In a published decision issued December 11, 2008, the Michigan Court of Appeals narrowed the range of homecare living expenses recoverable after a motor vehicle accident.  Hoover v Mich Mut Ins Co, No. 278237. 

In 1985, plaintiffs' then two-year-old son suffered disabling injuries for which defendant paid PIP benefits, including homecare and living expenses and part of the cost of a specially-designed home.  Plaintiffs sought additional PIP benefits for expenses associated with the home, including property taxes, higher utilities, homeowners' insurance, security system costs, and maintenance, plus interest and attorney fees because defendant did not pay within 30 days.

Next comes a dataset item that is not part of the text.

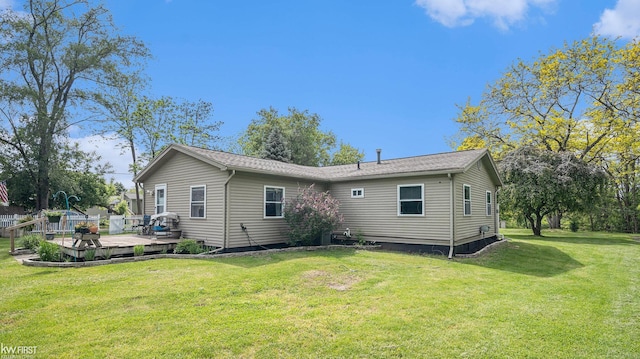 1590 W Rolston Rd, Linden, MI 48451 - back of property featuring a wooden deck and a lawn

Citing Michigan Supreme Court precedent, the Hoover Court held that the expenses were recoverable only to the extent that they would not have been incurred but for the son's injuries.  For example, the Court expressly rejected the trial court's determination that expenses for utilities should be apportioned based on the percentage of the home that was used by the son, and held instead that utility bills are an allowable expense only to the extent that extra electricity is needed to, among other things, power the son's medical equipment.  The Court remanded to the trial court to determine how much of each expense was thus connected to the son's injury and to recalculate interest and attorney fees in light of the new findings.

This case suggests that the scope of allowable homecare expenses might be narrowing.  It is not known whether there will be an Application for Leave to Appeal to the Michigan Supreme Court.